---- Record excerpts
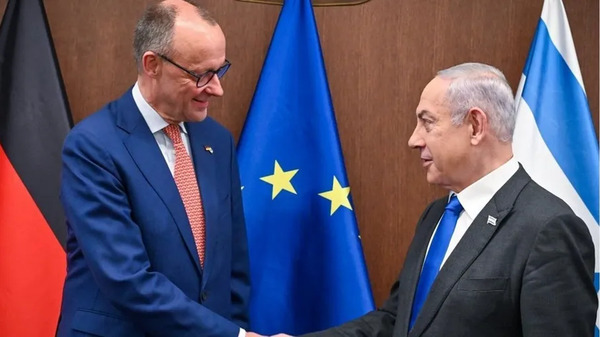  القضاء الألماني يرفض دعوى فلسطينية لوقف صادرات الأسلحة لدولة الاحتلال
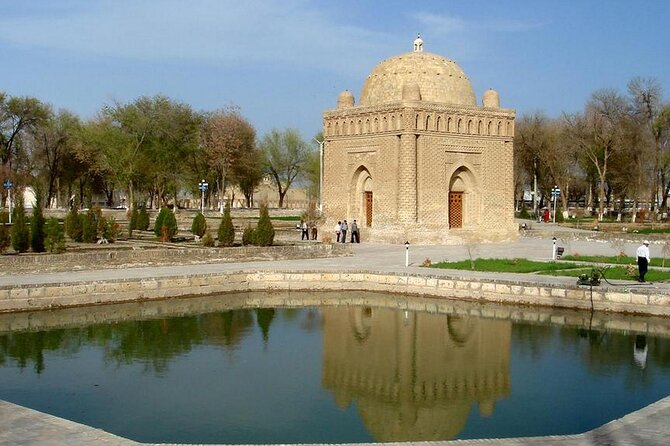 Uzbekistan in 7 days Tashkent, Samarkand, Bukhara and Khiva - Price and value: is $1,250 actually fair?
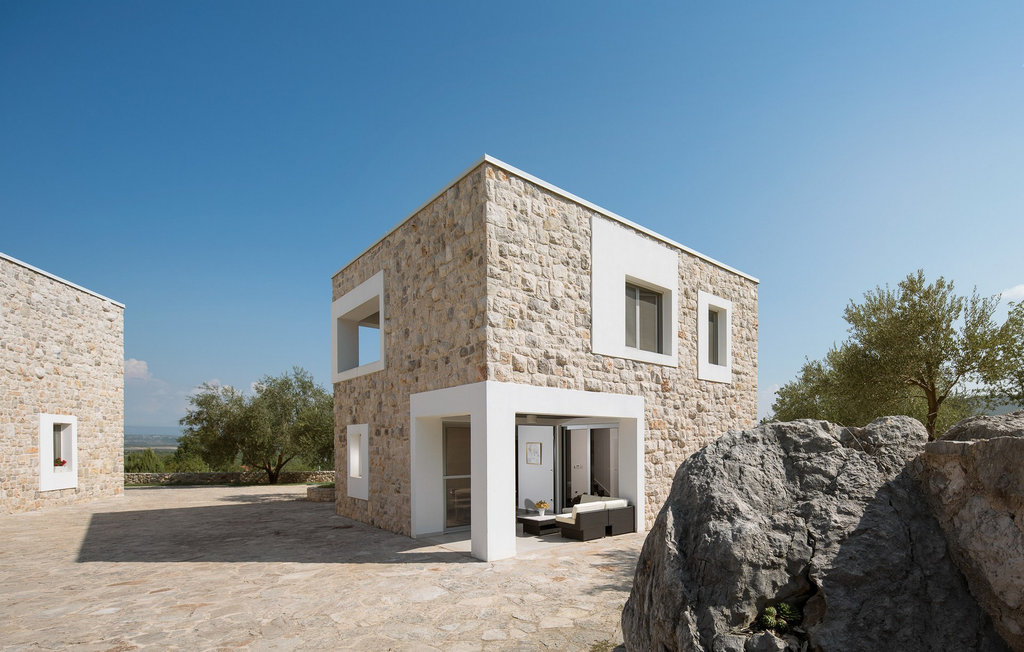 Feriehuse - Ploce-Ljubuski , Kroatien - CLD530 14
--------
---- Record excerpts
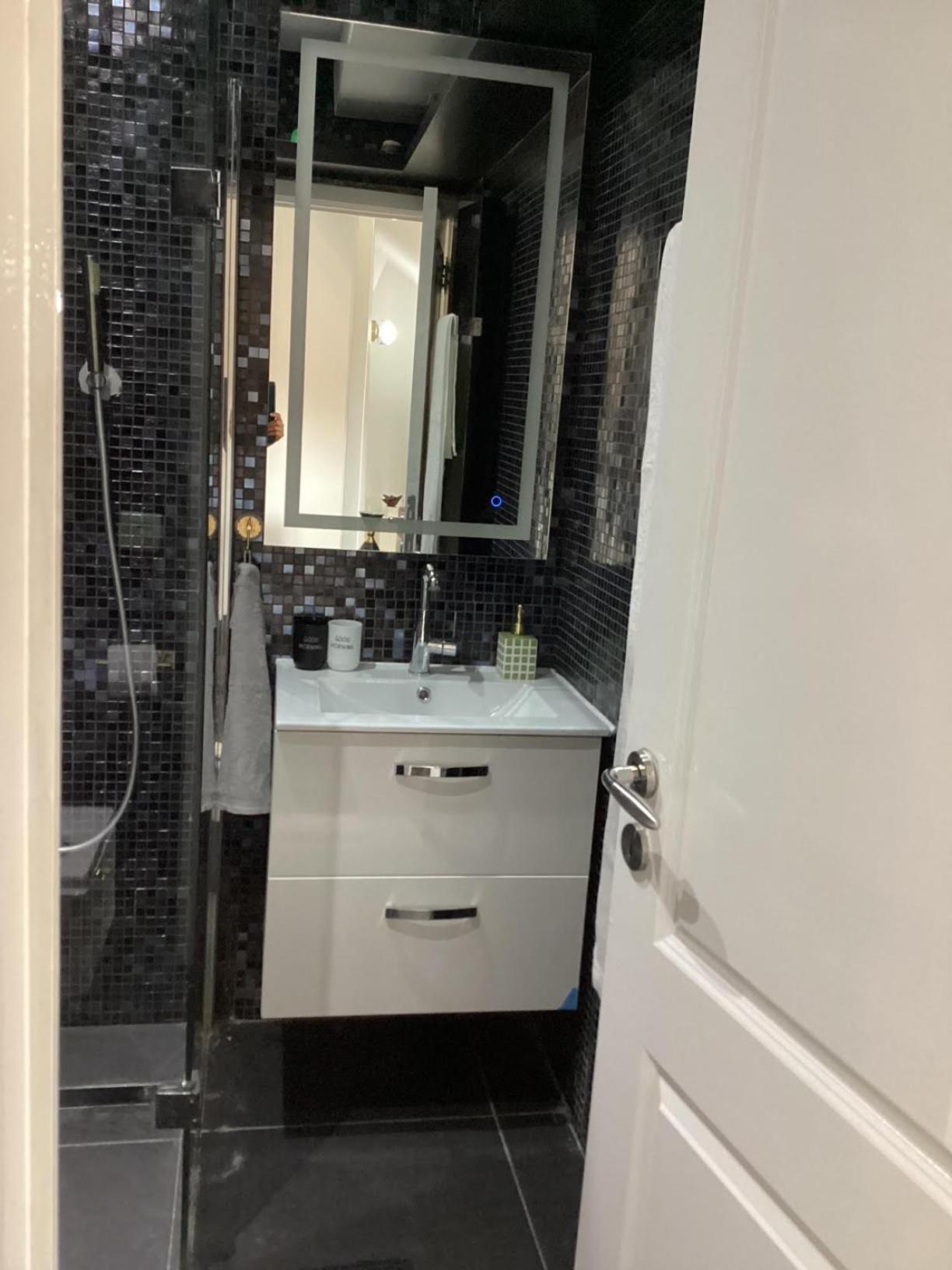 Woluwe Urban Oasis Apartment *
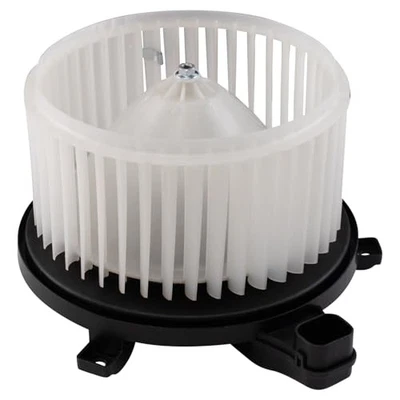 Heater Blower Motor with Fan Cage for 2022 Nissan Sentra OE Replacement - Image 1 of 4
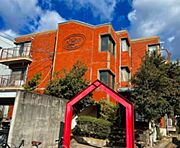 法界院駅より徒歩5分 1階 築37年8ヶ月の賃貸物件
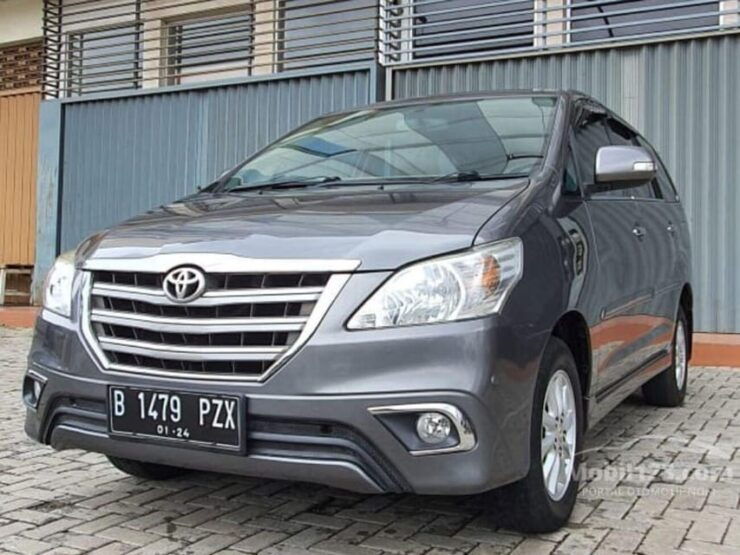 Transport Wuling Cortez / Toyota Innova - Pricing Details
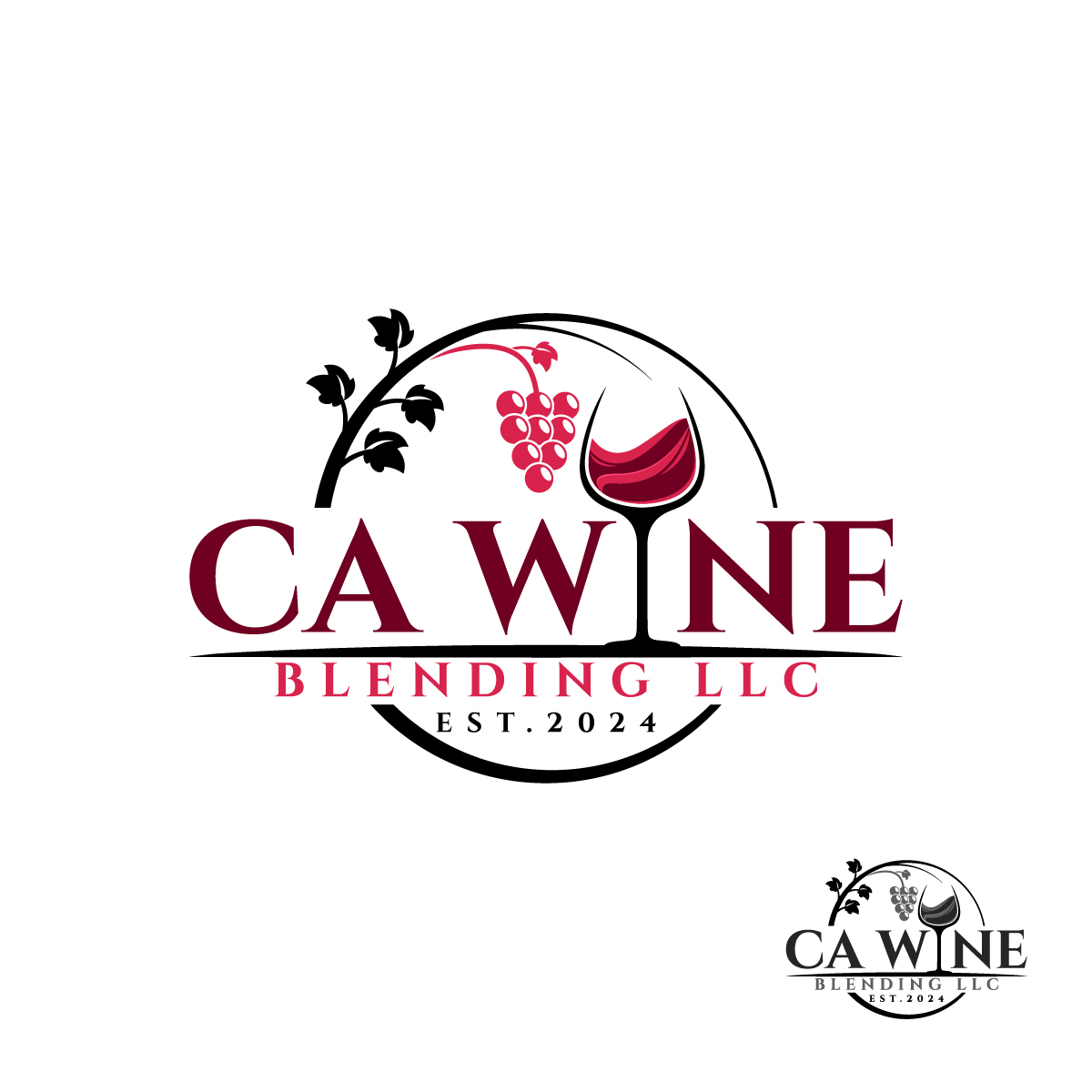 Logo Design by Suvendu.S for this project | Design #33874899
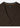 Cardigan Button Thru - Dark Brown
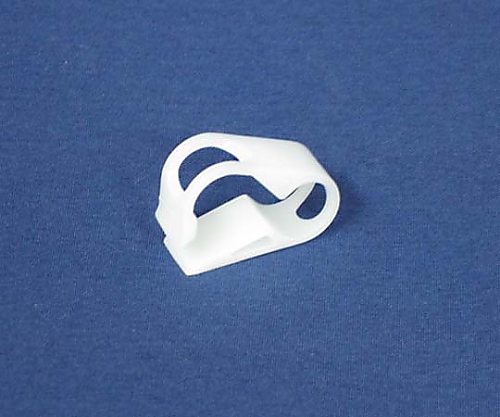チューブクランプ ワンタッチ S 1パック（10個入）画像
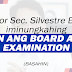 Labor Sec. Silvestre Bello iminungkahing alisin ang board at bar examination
--------
---- Record excerpts
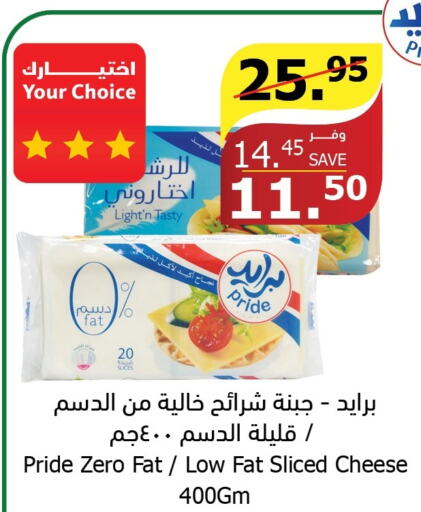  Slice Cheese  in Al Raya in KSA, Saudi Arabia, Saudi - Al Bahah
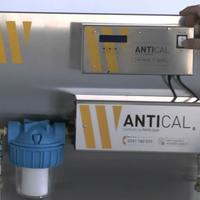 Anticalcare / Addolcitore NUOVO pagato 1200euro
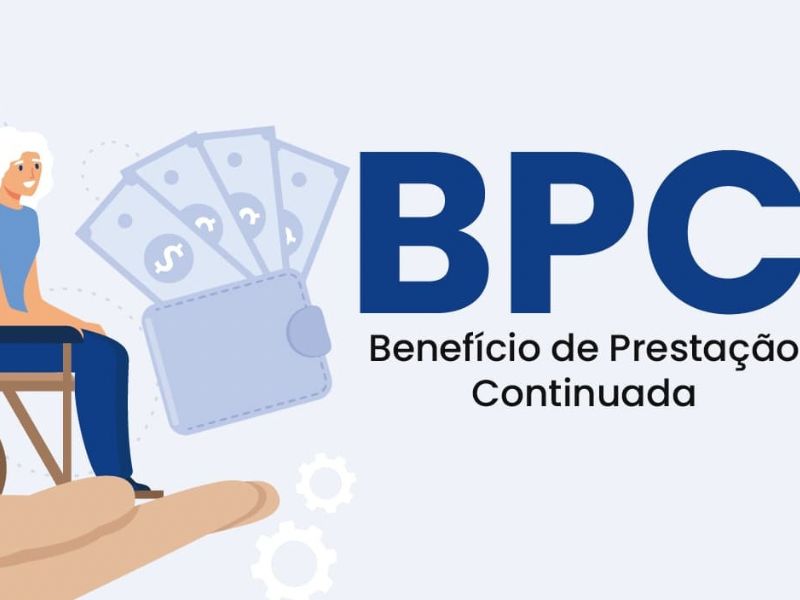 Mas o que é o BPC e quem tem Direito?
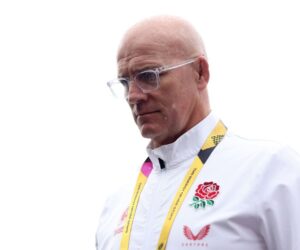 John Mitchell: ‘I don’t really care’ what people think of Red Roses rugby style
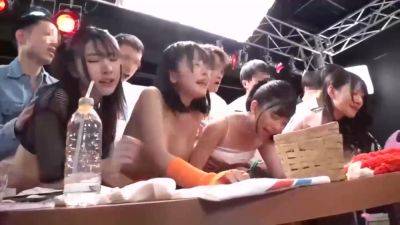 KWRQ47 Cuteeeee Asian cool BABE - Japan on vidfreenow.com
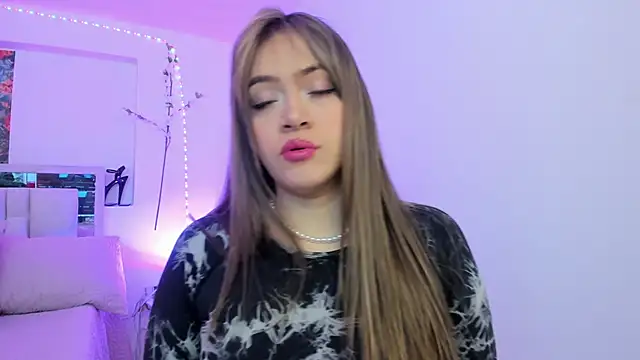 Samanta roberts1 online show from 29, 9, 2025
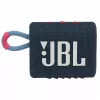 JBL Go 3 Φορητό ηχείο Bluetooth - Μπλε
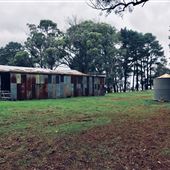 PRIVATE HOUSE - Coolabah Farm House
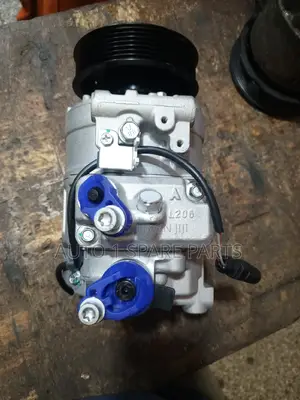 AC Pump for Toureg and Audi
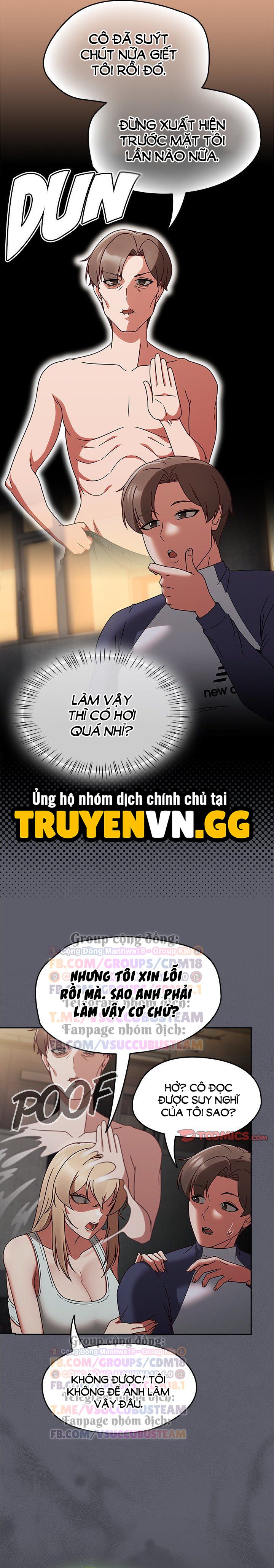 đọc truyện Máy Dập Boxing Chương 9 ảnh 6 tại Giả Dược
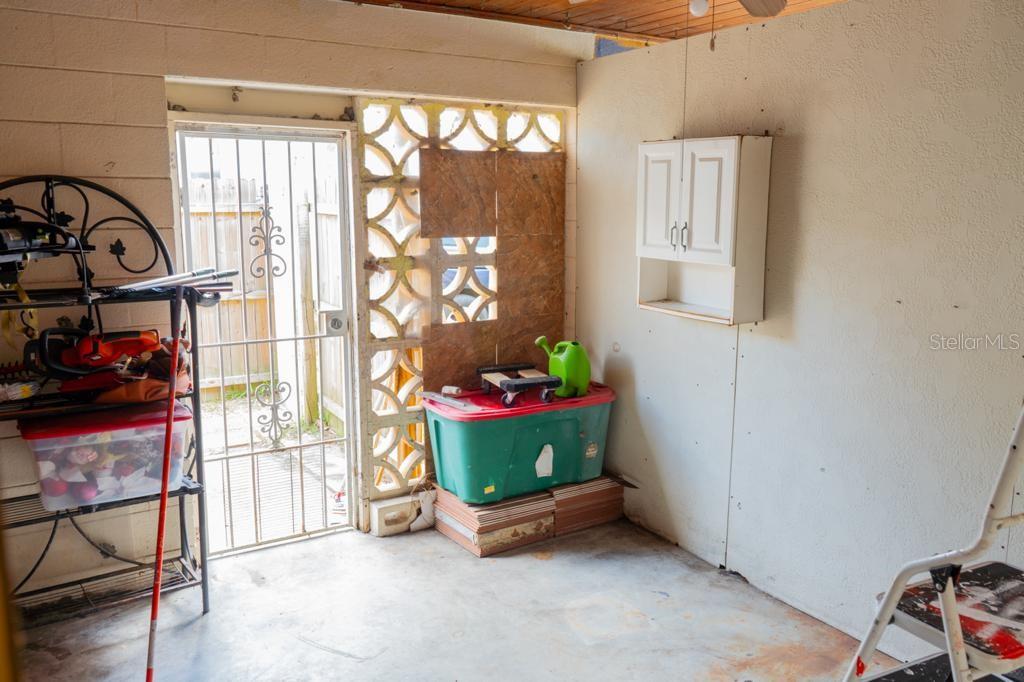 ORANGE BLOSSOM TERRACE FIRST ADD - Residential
--------
[Activity] With the pictures removed from your copy, retype the lines above from the one that contains "đọc truyện Máy" through the one that contains "ORANGE BLOSSOM TERRACE", exactly.

[Solution for this problem]
 đọc truyện Máy Dập Boxing Chương 9 ảnh 6 tại Giả Dược
 ORANGE BLOSSOM TERRACE FIRST ADD - Residential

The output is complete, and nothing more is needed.